Return the lines of the data below in which the string "Photo" occurs.

- **EXTRACTED INFORMATION**:
# # # # #
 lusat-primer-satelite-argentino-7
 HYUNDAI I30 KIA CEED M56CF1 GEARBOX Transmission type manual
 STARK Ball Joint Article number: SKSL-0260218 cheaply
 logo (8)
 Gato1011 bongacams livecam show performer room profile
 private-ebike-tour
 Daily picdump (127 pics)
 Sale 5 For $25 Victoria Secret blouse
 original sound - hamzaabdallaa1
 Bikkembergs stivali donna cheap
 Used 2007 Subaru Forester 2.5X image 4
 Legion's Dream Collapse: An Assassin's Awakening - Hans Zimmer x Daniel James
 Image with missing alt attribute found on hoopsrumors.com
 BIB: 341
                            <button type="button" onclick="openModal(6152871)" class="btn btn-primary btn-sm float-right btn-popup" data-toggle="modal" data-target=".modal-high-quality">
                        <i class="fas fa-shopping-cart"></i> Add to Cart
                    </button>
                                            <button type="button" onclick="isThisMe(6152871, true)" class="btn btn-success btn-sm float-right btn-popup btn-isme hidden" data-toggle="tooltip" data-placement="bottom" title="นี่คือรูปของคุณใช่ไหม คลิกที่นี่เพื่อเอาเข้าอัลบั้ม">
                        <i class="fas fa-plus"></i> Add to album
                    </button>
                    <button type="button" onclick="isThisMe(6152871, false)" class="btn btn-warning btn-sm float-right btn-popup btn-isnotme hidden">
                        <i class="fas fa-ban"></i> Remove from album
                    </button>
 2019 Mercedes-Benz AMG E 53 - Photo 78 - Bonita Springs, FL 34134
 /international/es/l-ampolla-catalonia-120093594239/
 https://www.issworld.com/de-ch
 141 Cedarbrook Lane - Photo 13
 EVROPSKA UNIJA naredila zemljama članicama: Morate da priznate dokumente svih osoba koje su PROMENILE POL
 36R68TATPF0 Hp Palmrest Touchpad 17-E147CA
# # # # #
- **ANSWER SPACE**:
 2019 Mercedes-Benz AMG E 53 - Photo 78 - Bonita Springs, FL 34134
 141 Cedarbrook Lane - Photo 13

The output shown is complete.